An exhilarating picture of Heinz Holliger emerged over four well-packed days at Kings Place directed by Christoph Richter

Heinz Holliger is one of the illustrious names of post-war music. Both as a composer and a performer — a conductor and the most distinguished of oboists — he has shone for decades and, at nearly 72, has a substantial and unusual oeuvre to his name. He was the subject of a stimulating block of concerts in Hall One at Kings Place, a place, indeed, that becomes ever more artistically enterprising. The Holliger focus is typical of its approach: a guest curator, in this case the cellist Christoph Richter, takes charge of the main part of a week’s activities, ensuring that the various concerts form an integral whole and utilising a freedom to draw connections and deepen contexts rarely extended elsewhere.

Richter devised four well-packed programmes setting Holliger as a composer beside the work of his spiritual father, Robert Schumann, his Hungarian-Swiss teacher Sandor Veress and his associates Boulez, Kurtag and the late Isang Yun; and Holliger the performer beside devoted colleagues such as his wife, the harpist Ursula Holliger, the pianist Alexander Lonquich and Richter himself.
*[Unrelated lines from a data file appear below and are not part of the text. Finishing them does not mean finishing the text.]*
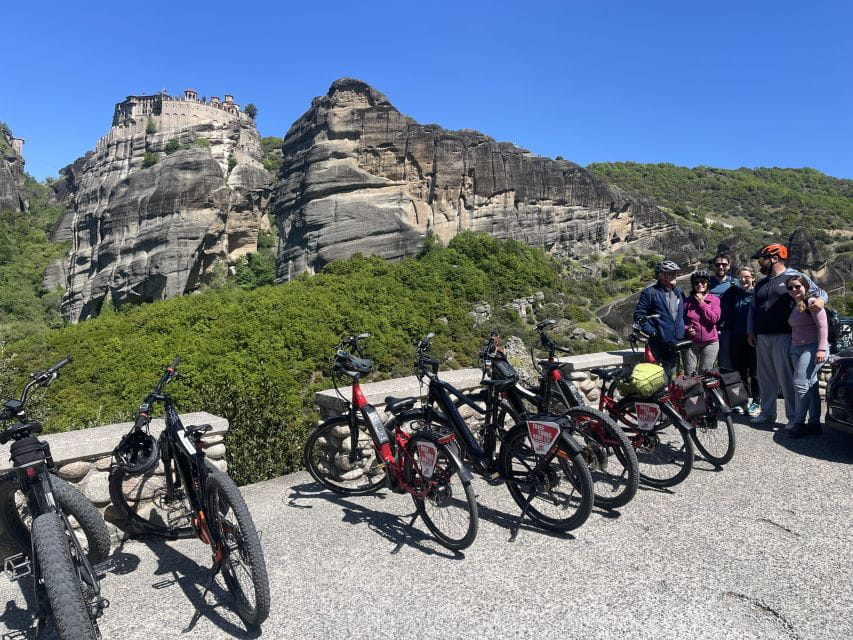 Meteora: E-Bike Epic Sunset Tour With Local Guide & Drink - Key points / Takeaways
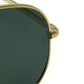 Ray-Ban Gold Frame Sunglasses - Gold - 34044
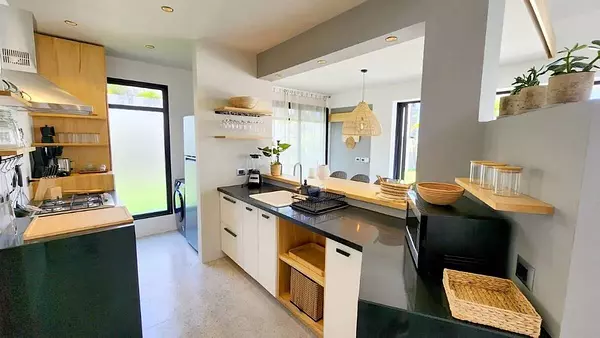 casas vacacionales y villas - Las Terrenas - Playa las ballenas - Moderna villa amueblada - 3 Habitaciones  5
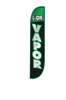 Image of E-Cig Vapor Feather Flag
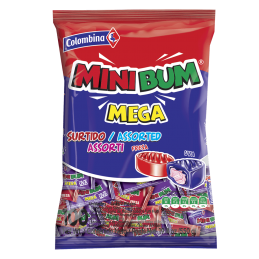 MINI BUM SURTIDO FRESA UVA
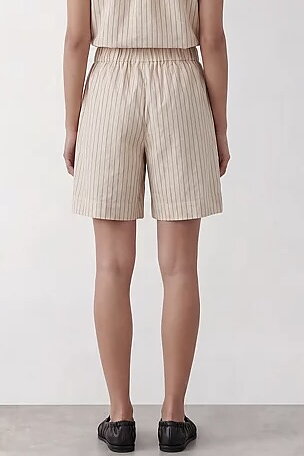 Leveté Room - Rhode 2 Shorts Turtledove Combi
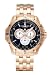 Chase-Durer Men's Crossfire 18K Rose Gold-Plated Stainless Steel Chronograph Watch #850.8BRG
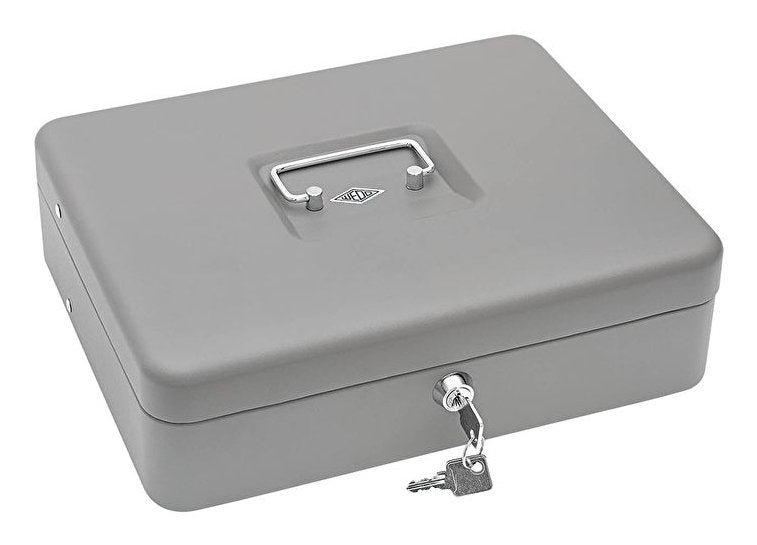 EAN 4003801859347 - Wedo 149 858012 caja para dinero en efectivo Acero Gris imagen 1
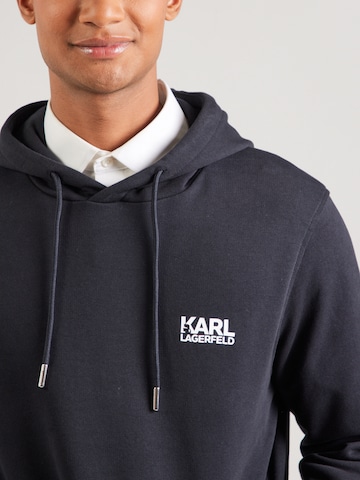 Karl Lagerfeld Tréning póló - kék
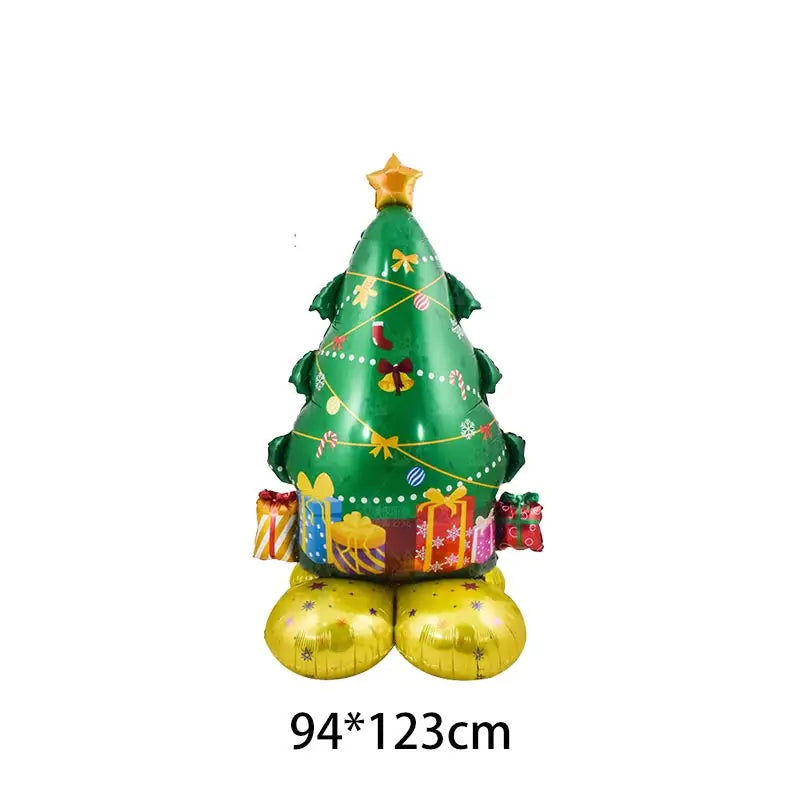 Ballons de Noël décoration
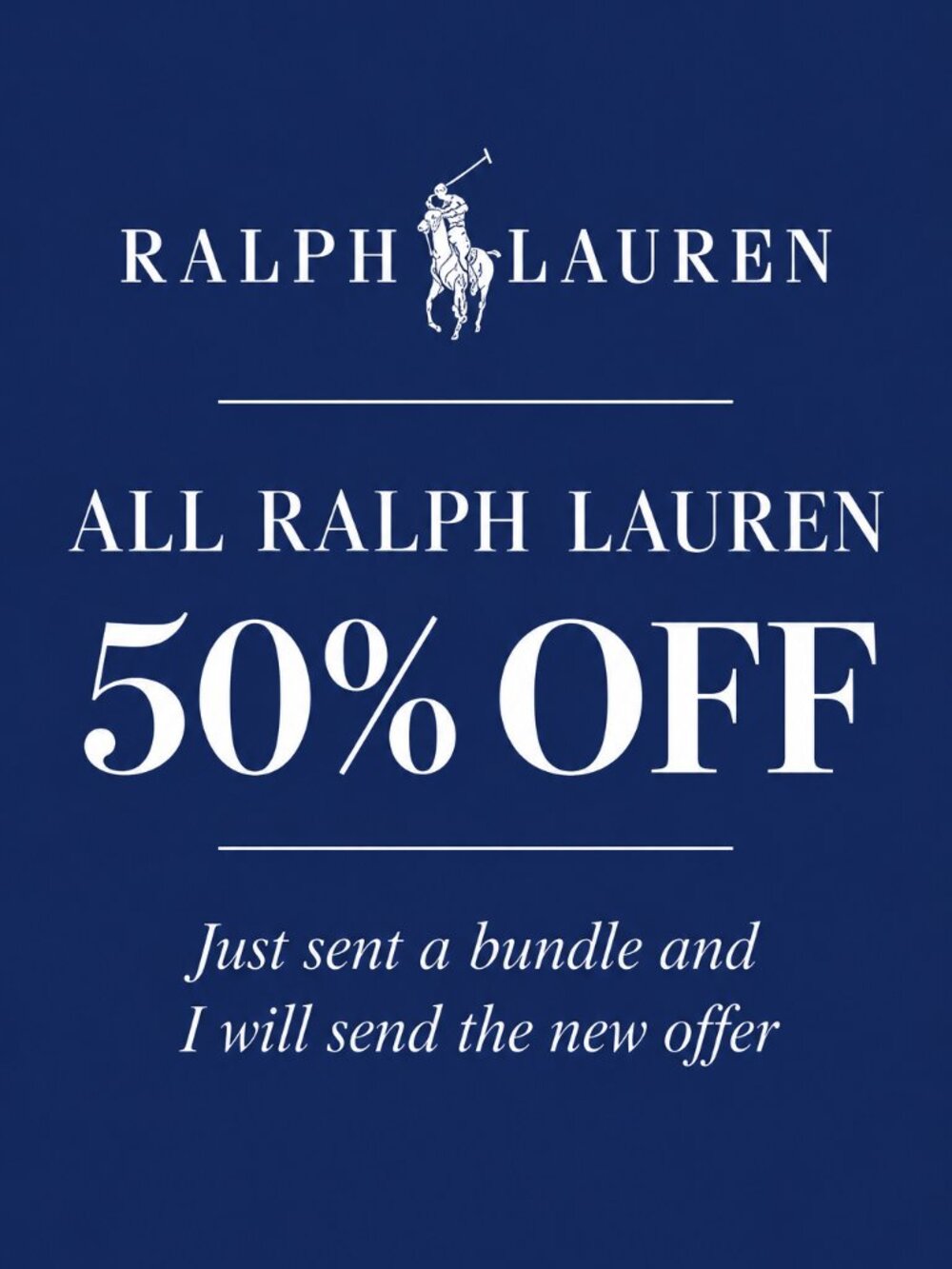 Ralph Lauren Sale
A picture of the composer’s personality emerged layer by layer, “pli selon pli”, to borrow a Boulez title. He appeared not only as an oboist and a conductor, but as a pianist (in his 1961, Trakl-inspired Elis), a reciter, a lecturer (on Berg’s Chamber Concerto) and even a page-turner. Works of his from between 1958 (a student Sonatina for piano, played by Nicola Eimer) and last year were included. They involved only one or a few instruments, but a sense of larger scale, and of the elaborateness and mercuriality of his mind, came from the way some of the contextual items and his own pieces were interleaved.
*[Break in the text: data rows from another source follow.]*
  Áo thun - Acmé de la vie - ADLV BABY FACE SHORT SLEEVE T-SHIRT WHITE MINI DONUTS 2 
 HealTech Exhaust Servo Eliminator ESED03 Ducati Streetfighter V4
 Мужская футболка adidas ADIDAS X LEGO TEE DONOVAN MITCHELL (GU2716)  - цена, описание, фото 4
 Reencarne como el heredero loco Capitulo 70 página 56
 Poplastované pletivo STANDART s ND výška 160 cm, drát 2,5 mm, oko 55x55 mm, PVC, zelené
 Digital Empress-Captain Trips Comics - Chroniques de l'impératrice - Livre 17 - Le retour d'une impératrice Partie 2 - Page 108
A certain uncanniness attended this process. From COncErto, the semi-acronymically titled work he wrote in 2000 for the Chamber Orchestra of Europe, he drew solos for violin (Florence Cooke), viola (Hariolf Schlichtig), cello (Xenia Jankovic), horn and trombone (respectively the Royal Academy of Music students Michael Kidd and Rupert Whitehead) that were capable of standing alone. If that wasn’t odd enough, he combined several with each other to produce duos and trios that were apparently entirely adventitious, but sounded totally satisfying. And as if all that wasn’t bizarre enough, he himself contributed a couple of cor anglais solos written for him by Kurtag, inserting them into the continuous sequence not without small overlaps with his own music. By rights, this audacious confection should have been aural chaos. For some deep Holligerian reason, it was far from that.
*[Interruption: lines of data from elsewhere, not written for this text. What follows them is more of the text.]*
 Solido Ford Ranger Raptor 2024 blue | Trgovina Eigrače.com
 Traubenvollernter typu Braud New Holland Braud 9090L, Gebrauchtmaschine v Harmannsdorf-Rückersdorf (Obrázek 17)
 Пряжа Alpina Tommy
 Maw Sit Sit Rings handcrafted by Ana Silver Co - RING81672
By rights, this audacious confection should have been total aural chaos. For some deep Holligerian reason, it was far from that

A similar thing was undertaken in the closing concert, a thought-provoking exploration at once of “childhood and encryptions”, as its title ran. Pieces from Schumann’s Album for the Young were mixed up with selections from Holliger’s Duöli (2010), a series of 24 duets for two violins, written, like the Schumann, both for and about children. Schumann’s miniatures, played with concise force by Lonquich, splutter with invention, and Holliger’s have something of that quality. With a formal flexibility like that of Concerto, the duos expand to trios and quartets, and we heard Cooke, Muriel Cantoreggi and two cool 12-year-olds, Alexander Harris and Curtis Wilkinson, from Junior Guildhall, in various combinations. Holliger, sitting beside them, drily gave out the title of each tiny piece both in Swiss-German and in English, as though the animateur of some Beckett mini drama.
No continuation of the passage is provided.